Now that the party has had time to work on policies, make good on a few vows, and break a few others, what does Trudeau’s midterm report card look like?
According to Kwantlen Polytechnic University Political Science professor Jennifer Gagnon, when it comes to feminism, Trudeau gets a B minus.
“It’s great that he’s talking the talk, but he hasn’t started walking the walk,” she said, during a small symposium hosted in the Grassroots Cafe on KPU’s Surrey campus. “I couldn’t agree more with Trudeau’s argument that feminism must include men in the fight to end sexism and oppression.”

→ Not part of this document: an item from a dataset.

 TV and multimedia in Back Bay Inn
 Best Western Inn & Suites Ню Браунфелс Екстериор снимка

Nevertheless, Gagnon remains critical of how he has spent his time in office, citing the Missing and Murdered Indigenous Women inquiry as being a particular area where Trudeau has underperformed. The Prime Minister’s failure to combat income inequality is another detriment to his grade, as Statistics Canada says that Canadian women make an average of 82 cents for every dollar that men make.

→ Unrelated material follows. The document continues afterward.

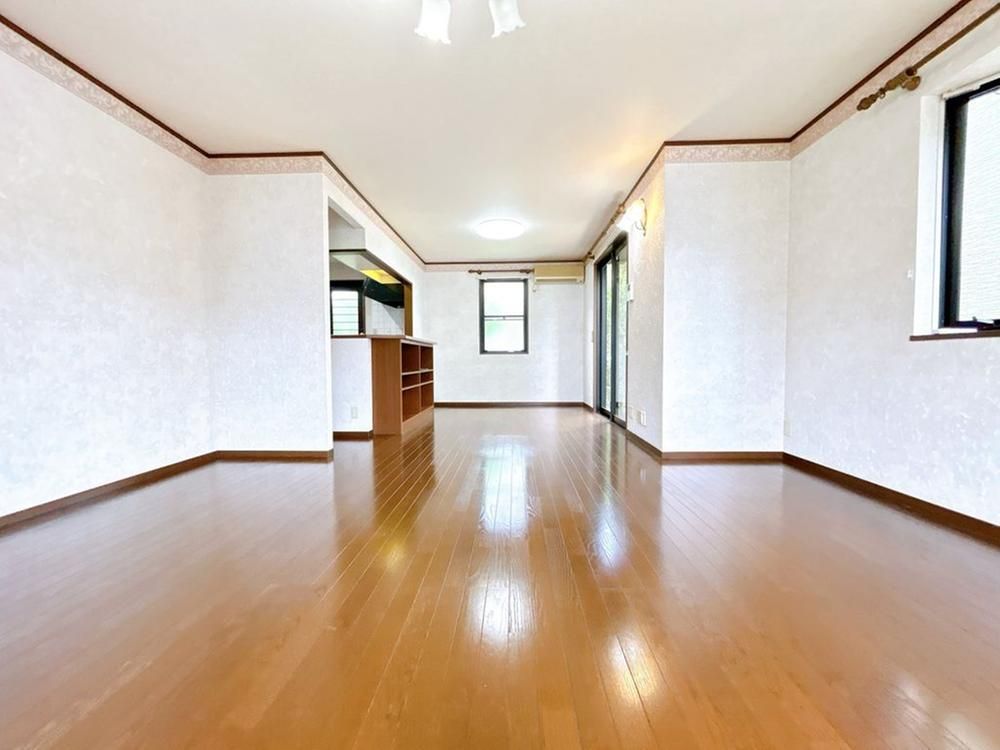 5LDK House for Sale in Shiroi, Chiba - 131m2 - Thumbnail 4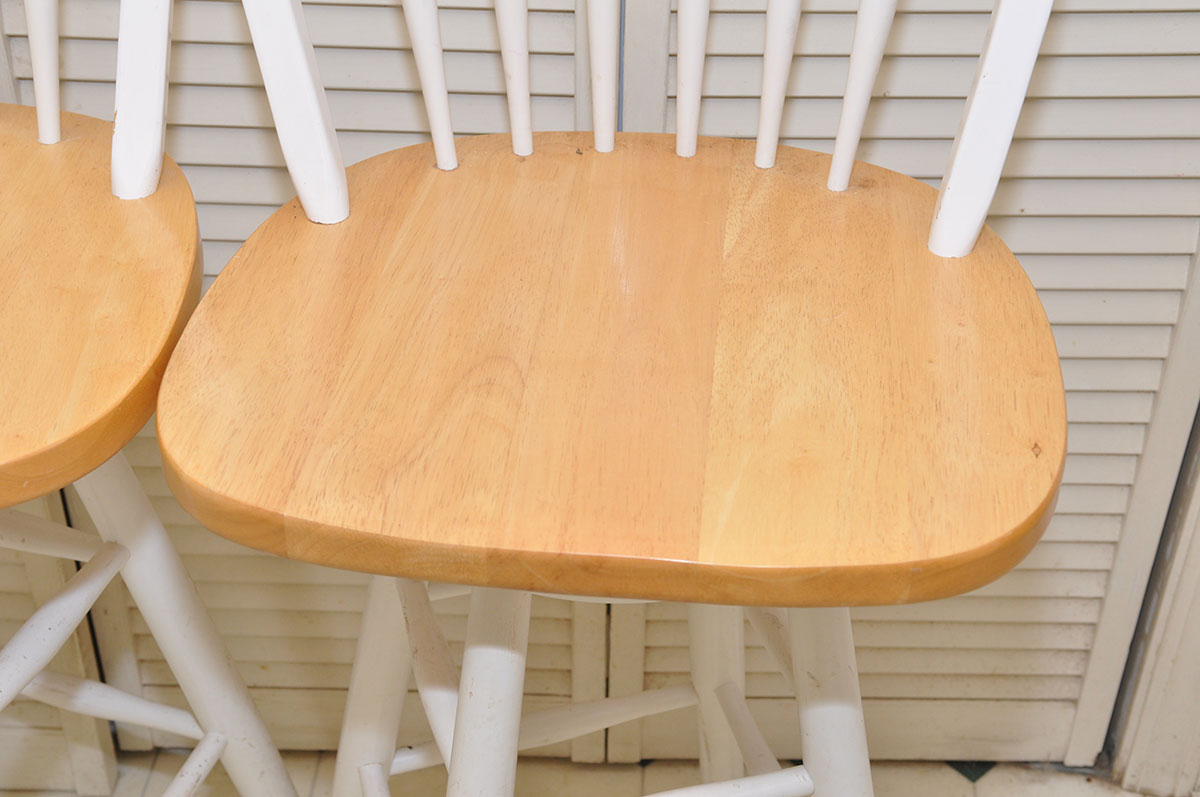 Spindle Back Swivel Bar Stools EBTH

“Being a feminist is a big part of Trudeau’s brand,” says Gagnon. “But what I’m really asking is, ‘Is Trudeau actually a fake feminist?’”
Even though Trudeau’s Cabinet is gender-balanced, men still hold most positions of power in finances, defence, and foreign affairs, and women are still largely underrepresented in parliamentary standing committees.
“Two of the 10-member committees have no women, and three quarters have two or fewer,” says Gagnon. “Predictably, only the Committee on the Status of Women has a majority of female members.”
On the topic of Canada’s environmentalism, Dr. Ross Pink gives Trudeau a C minus.
One of the major concerns Pink raised was Trudeau’s approval of the construction of the Kinder Morgan Trans Mountain Pipeline, which stretches from Alberta to Burnaby. The pipeline has been a high-profile target for environmental demonstrators in the community, including students and professors from the Lower Mainland and Mayor of Burnaby Derek Corrigan.
“Trudeau has managed to make friends with the oil industry over his recent policies,” says Pink. “But he has infuriated the Council of Canadians, he has infuriated Greenpeace, and he has infuriated many First Nations groups over this pipeline issue. They feel that he betrayed them, that his promises during the campaign were [made] just to get elected.”
But it’s not all bad news for Trudeau’s GPA. Professor Greg Millard gives the Prime Minister an A on his brand management, adding that a political party’s public image is critically important for communicating with voters and thus retaining power.
“I think we all have a good feel for what Trudeau’s brand is,” says Millard. “If I were to pin it down, I would use three descriptors: openness, accessibility, and inclusion.”
While Trudeau’s critics complain that his leadership has been more about style than substance, Millard makes the argument that, in some circumstances, style actually is substance. He believes that Trudeau’s brand—as a reflection of Canada’s current, young, and progressive self-image—has a real impact on the country, even if it disconnects from policy.
“Leaders, governments, and their brands are as much expressive manifestations of a community’s self-image or aspiration for itself as anything else,” he says.
The professors’ consensus is that Trudeau will likely be re-elected in the 2019 election, although—as has become increasingly clear over the past year—anything can happen in politics.